What strategies do we have left in dealing with the Kim Jong Un regime?

  1. Try a new, robust sanctions regime. How does the old saying go … insanity is doing the same thing over and over again and expecting a different result?  North Korea has cheated and violated previous sanctions regimes, why should we expect a different result this time?  In fact, history has no record of any government ever complying with a sanctions regime when they have willing partners who will choose to violate international agreements.  China will not comply with UN or U.S. sanctions on North Korea, even if they say they will in public.  China is everyone’s favorite country to blame for North Korea’s rise, but China does not want a unified Korea on its border, and specifically a unified Korea that is pro-West, and pro-American.   North Korea is an insurance policy against such risks.
  2. Cut yet another deal … oil, food for giving up their nukes.

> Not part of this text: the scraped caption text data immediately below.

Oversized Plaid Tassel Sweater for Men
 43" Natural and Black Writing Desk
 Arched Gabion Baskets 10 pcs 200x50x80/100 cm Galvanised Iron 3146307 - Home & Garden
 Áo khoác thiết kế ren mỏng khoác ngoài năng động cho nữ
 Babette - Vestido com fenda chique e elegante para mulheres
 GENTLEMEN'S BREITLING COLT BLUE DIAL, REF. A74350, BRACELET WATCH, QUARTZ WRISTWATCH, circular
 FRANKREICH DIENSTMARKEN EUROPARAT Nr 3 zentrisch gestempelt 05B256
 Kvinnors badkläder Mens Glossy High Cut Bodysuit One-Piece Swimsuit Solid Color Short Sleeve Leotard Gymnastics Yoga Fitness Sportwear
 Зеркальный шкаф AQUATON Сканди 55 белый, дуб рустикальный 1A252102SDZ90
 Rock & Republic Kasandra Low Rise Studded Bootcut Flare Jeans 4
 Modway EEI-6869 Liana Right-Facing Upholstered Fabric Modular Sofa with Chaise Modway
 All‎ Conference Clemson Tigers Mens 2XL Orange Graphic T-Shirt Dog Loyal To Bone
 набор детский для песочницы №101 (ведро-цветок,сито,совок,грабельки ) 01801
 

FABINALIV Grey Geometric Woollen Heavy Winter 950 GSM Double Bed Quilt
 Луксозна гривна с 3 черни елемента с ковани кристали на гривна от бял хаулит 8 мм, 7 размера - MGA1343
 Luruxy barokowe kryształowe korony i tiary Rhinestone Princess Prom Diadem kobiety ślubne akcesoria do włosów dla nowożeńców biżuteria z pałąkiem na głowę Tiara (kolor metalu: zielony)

We have been down this road twice before in 1994 and 2003. All we got for it was broken promises, broken agreements, and a nuclear armed North Korea.  However, many analysts argue that this is the only path available to us – more multi-party talks resulting in a deal (or even direct negotiation between the U.S. and North Korea, which until now both political parties have opposed).  But even the North Korean regime has signaled they will not engage in talks to eliminate their weapons program, a sign that they do not feel threatened by any U.S. action.
  3. Time for military action. Public opinion in the U.S. of regime change, bombing the nuke facilities, and/or all-out war, is not very high.  Fatigue with the Iraq debacle and the resultant Middle Eastern chaos has made cooler-heads prevail.  But what if the cooler heads say we have no choice?  It would be messy, expensive, and bloody … estimates range between 250,000 and 1 million causalities just in the first months alone, as the South Korean capital of Seoul is right on the border with the North.  It is within striking range of the largest artillery battery the world has ever seen.   Samsung, the world’s largest technology retailer by revenue… Hyundai… Kia Motors… and more have their corporate HQ within striking distance of the North Korean military.  It would not be just bloody and expensive, it would throw world markets into chaos.  But at the end of the day, what is the greater risk:  potential devastation on an Asian land mass, or a nuked U.S. city.
  4. Do nothing… contain the threat. People forget, and cable news shows do not report, that U.S. containment policies after World War II were based upon the United States possessing overwhelming military and global dominance.  Nuclear weapons were restricted to a few great powers, who in turn were exhausted from World War II.  The Russians did not begin to gain near comparable war-making capability until the 1960’s and by that time both sides had settled into an ideological struggle, not an actual shooting war (China never gained near-equality on the military front and still remain behind the US to date).  Containment worked because the biggest, strongest power, the U.S., was sane and moral.  Today U.S. adversaries such as China and Russia possess equal or greater capabilities than we do; China may be sane, but not necessarily moral. Russia appears to be neither. In this environment, North Korea (and Iran) have mastered 1940s technology (nuclear weapons) and neither appears sane or rational.  North Korea, combined with these other major adversaries, in a world that no longer follows U.S. leadership, has not exhibited a willingness to be “contained.”

 

North Korea is a problem.  And we are not even considering the connection between North Korean nukes and non-state actors such as terrorists, or China and Russia using the North Koreans and Iran as proxies to launch strikes against Americans. We may be at a turning point where the only option is a bad one, and that is to remove the nukes one way or the other.

 

It is impossible to understate the degree of forward-deployed, U.S. force structure that has been abandoned over the last 8 years.  The giving up of leadership and control under the previous Administration has left the world a more dangerous place than ever before.  The result has been a vacuum filled by bad actors, eager to upend American hegemony.  The options for preventing further danger to American lives, and our way of life, are limited.